Before Mayo Clinic gets half a billion dollars from Minnesota taxpayers, legislators want the city of Rochester to dig deeper into its own pockets.
"I intend to start by having the local community chip in a lot more than they are," said House Taxes Committee Chairwoman Ann Lenczewski, DFL-Bloomington.
The health care giant — also the state's largest employer — is asking for more than $500 million in taxpayer funding to support its $3 billion makeover for downtown Rochester.
Mayo argues that unless the city gets more amenities like hotels, restaurants and theaters, the world-renowned clinic will be forced to divert its resources to its clinics in warmer, friendlier, Sunbelt states.
The Taxes Committee response to Mayo's plan was to split the bill in half.

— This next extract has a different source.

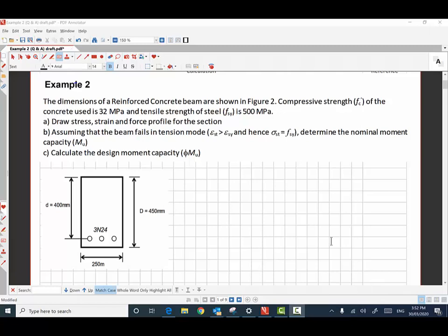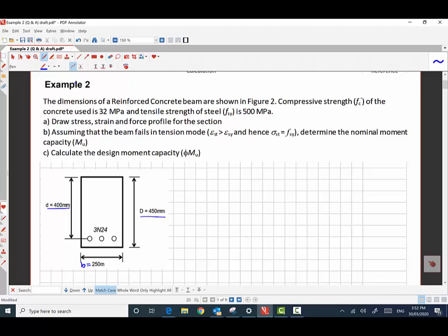In this example 2, we are given a cross-section of the beam as shown here. The overall depth of the beam D is 450 millimeters. The width of the beam b is equal to 250 millimeters. The effective depth to the center of the reinforcement, small d, is 400 millimeters. We have three normal deformed bars of 24 millimeter diameter. We are asked to draw the stress, strain, and force profile for the section, and also to find the nominal moment capacity MU and the design moment capacity phi*MU.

By voice vote Tuesday, legislators sent part of the bill on to the Capital Investment Committee, where Mayo's requests will have to slug it out with hundreds of other projects on the bonding bill wish list.
The tax provisions will remain in Lenczewski's committee, to be debated and possibly included in this year's tax bill.
"I think some people think this motion is to kill this proposal and it is not," Lenczewski said. "This is to keep it alive."
The tax committee's debate is likely to start with questions about why Rochester is not first raising more local taxes to pay for its own downtown face-lift.